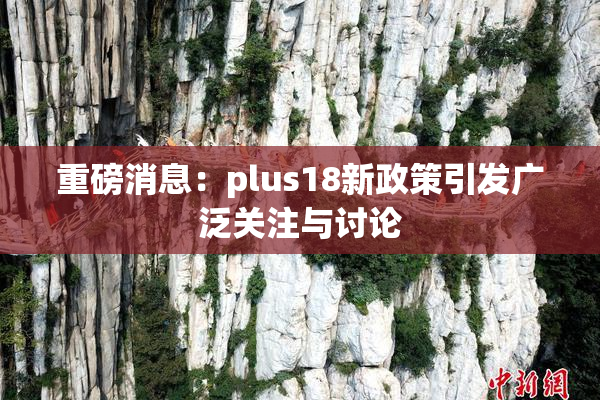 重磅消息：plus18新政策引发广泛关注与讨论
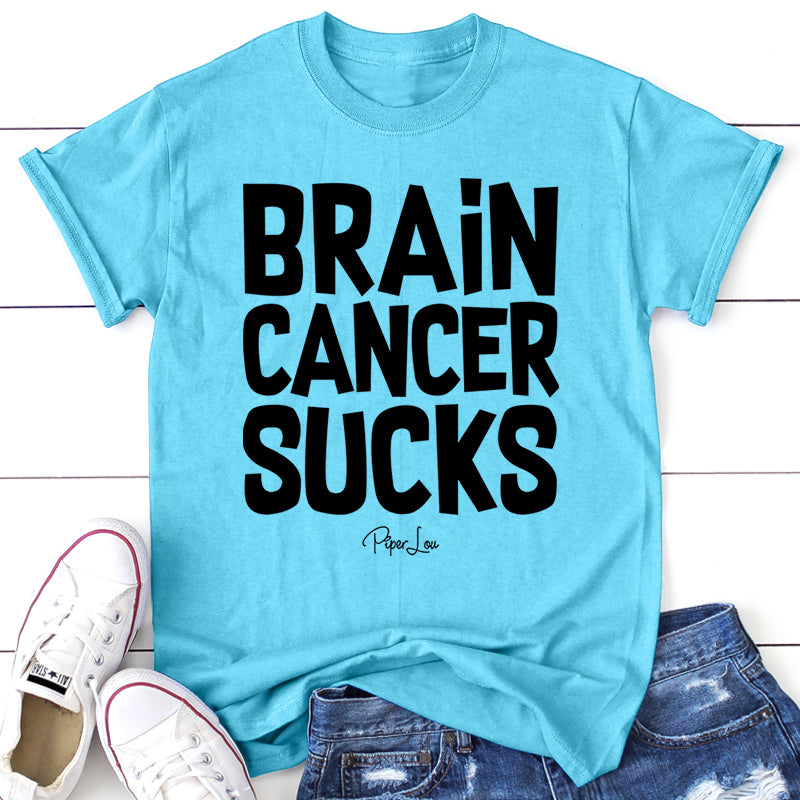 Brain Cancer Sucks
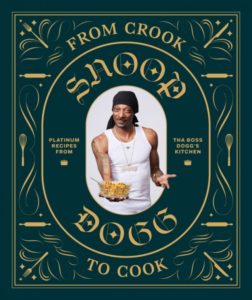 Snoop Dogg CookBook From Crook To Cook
::::::::::
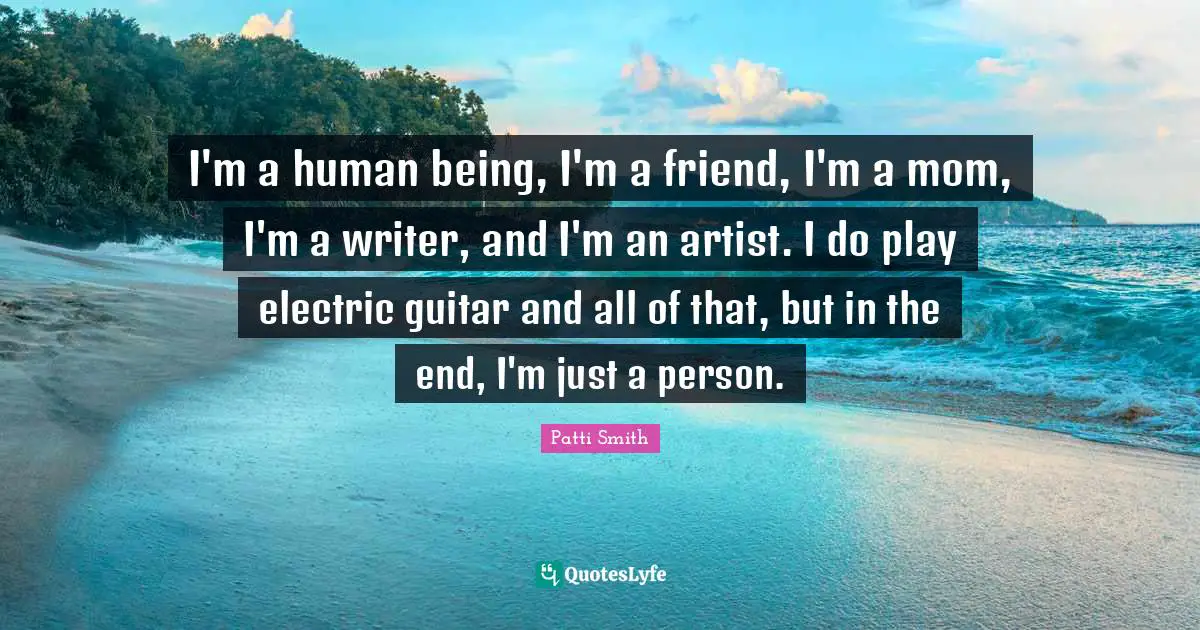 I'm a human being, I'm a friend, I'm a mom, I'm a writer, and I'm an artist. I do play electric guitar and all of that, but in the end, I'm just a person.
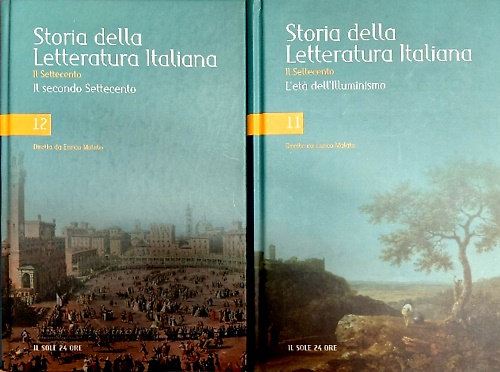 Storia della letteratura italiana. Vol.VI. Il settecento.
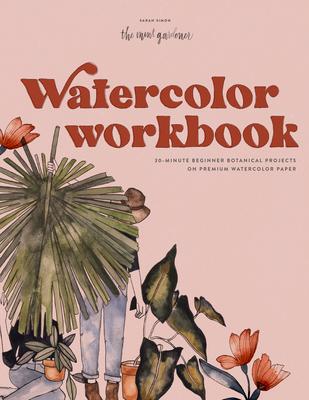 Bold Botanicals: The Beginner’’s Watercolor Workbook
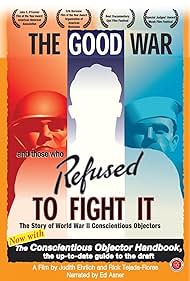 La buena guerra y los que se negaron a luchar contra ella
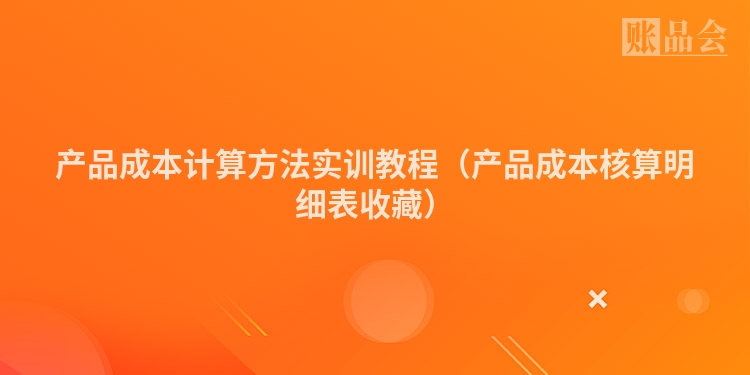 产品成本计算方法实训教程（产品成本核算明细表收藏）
::::::::::
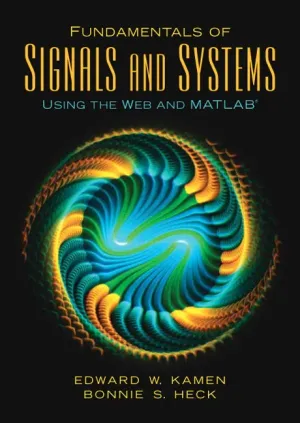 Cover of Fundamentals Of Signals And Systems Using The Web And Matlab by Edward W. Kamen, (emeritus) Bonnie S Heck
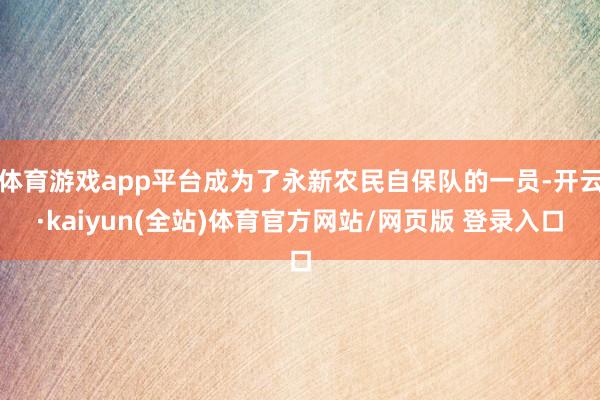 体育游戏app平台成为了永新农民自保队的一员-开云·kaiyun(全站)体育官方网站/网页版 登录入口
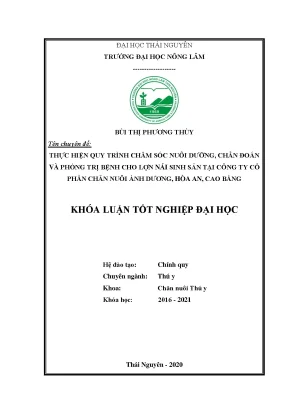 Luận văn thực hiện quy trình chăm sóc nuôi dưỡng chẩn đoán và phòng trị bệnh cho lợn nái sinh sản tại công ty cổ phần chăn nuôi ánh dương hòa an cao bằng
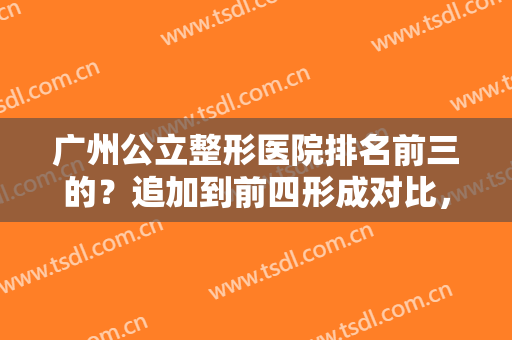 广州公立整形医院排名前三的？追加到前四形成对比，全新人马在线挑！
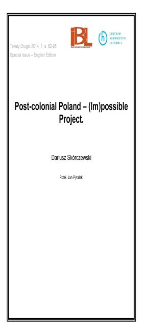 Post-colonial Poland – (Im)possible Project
::::::::::
**Task statement**
In the material above, which lines fall between the one holding "Storia della letteratura" and the one holding "产品成本计算方法实训教程（产品成本核算明细表收藏）", inclusive? Print exactly those, with the pictures left out.

**Solution for this problem**
 Storia della letteratura italiana. Vol.VI. Il settecento.
 Bold Botanicals: The Beginner’’s Watercolor Workbook
 La buena guerra y los que se negaron a luchar contra ella
 产品成本计算方法实训教程（产品成本核算明细表收藏）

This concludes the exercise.